The reporter creates or reuses a Braintrust experiment for the run. Each eval test logs:

* The test input, output, status, file path, and full test name.
* Scores from judges and assertions, including `avg_score` and `pass` when provided by `vitest-evals`.
* Harness metadata, session messages, tool calls, artifacts, usage metrics, and errors.
* Nested model, tool, and trace spans when the harness includes normalized trace data.

### Reporter options

Pass options to `new BraintrustVitestEvalsReporter()` to control where results are logged:

| Option             | Description                                                       |
| ------------------ | ----------------------------------------------------------------- |
| `projectName`      | Braintrust project name. Required unless `projectId` is set.      |
| `projectId`        | Braintrust project ID. Required unless `projectName` is set.      |
| `experimentName`   | Experiment name.

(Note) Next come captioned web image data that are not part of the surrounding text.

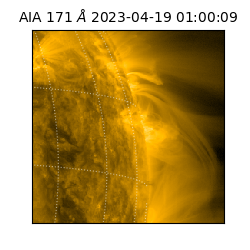 saia - 2023-04-19T01:00:09.353000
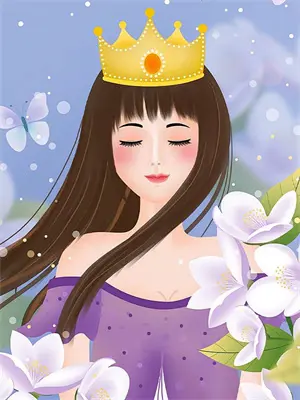 ab0沉醉不醒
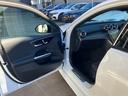 C200 スポーツ 正規認定中古車 認定中古車保証2年付 新車保証継承 弊社デモカー 禁煙車両 シートヒーター メモリ付きパワーシート フットトランクオープナー LEDヘッドライト 360度カメラ 電動テールゲート(44枚目)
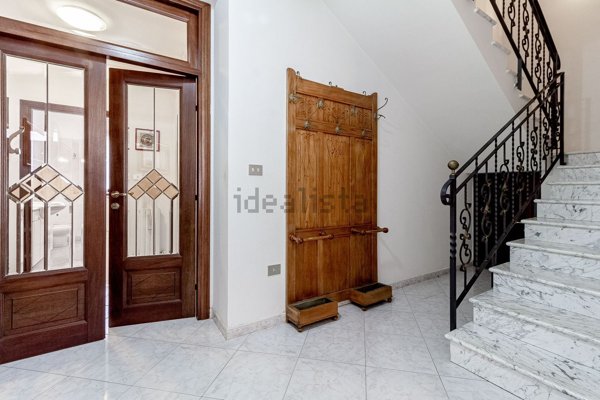 casa indipendente in vendita a Ploaghe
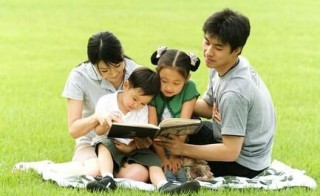 如何降低网校直播课堂开发公司的外包成本？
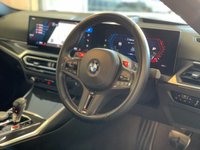 USED 2023 73 BMW M2 3.0 BiTurbo Coupe 2dr Petrol Steptronic Euro 6 (s/s) (460 ps) GREAT SPEC | STUNNING COLOUR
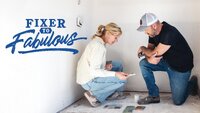 Fixer to Fabulous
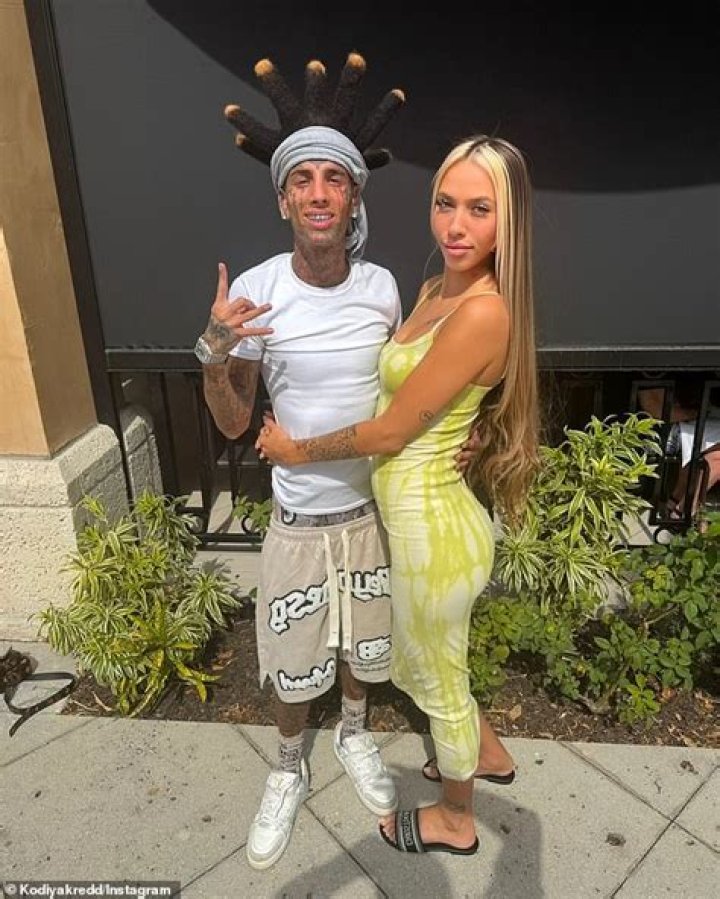 Franky Villani’s Girlfriend: Who is Franky Villani Dating?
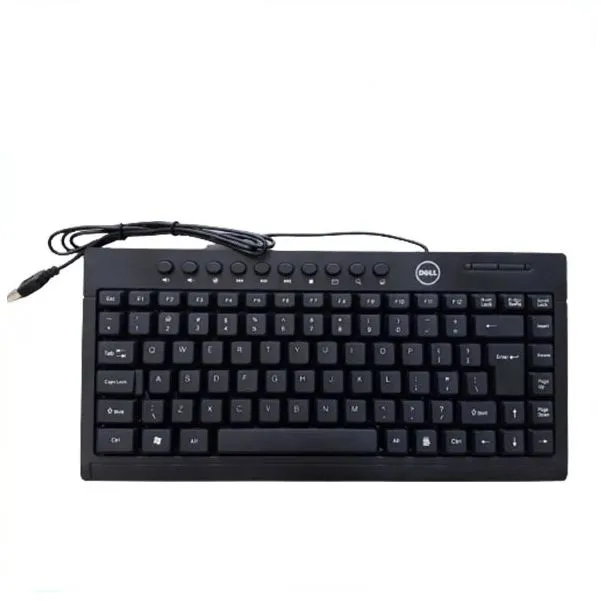 Dell%20Mini%20Multimedia%20Keyboard-%20-%20Image%202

Defaults to a timestamped `vitest-evals-*` name. |
| `displaySummary`   | Whether to print the Braintrust experiment summary after the run. |
| `metadata`         | Experiment-level metadata.                                        |
| `tags`             | Experiment-level tags.                                            |
| `baseExperiment`   | Base experiment name for comparisons.                             |
| `baseExperimentId` | Base experiment ID for comparisons.                               |

## Key concepts

### `wrapVitest`

`wrapVitest` wraps Vitest's `test`, `describe`, and `expect` with Braintrust tracking.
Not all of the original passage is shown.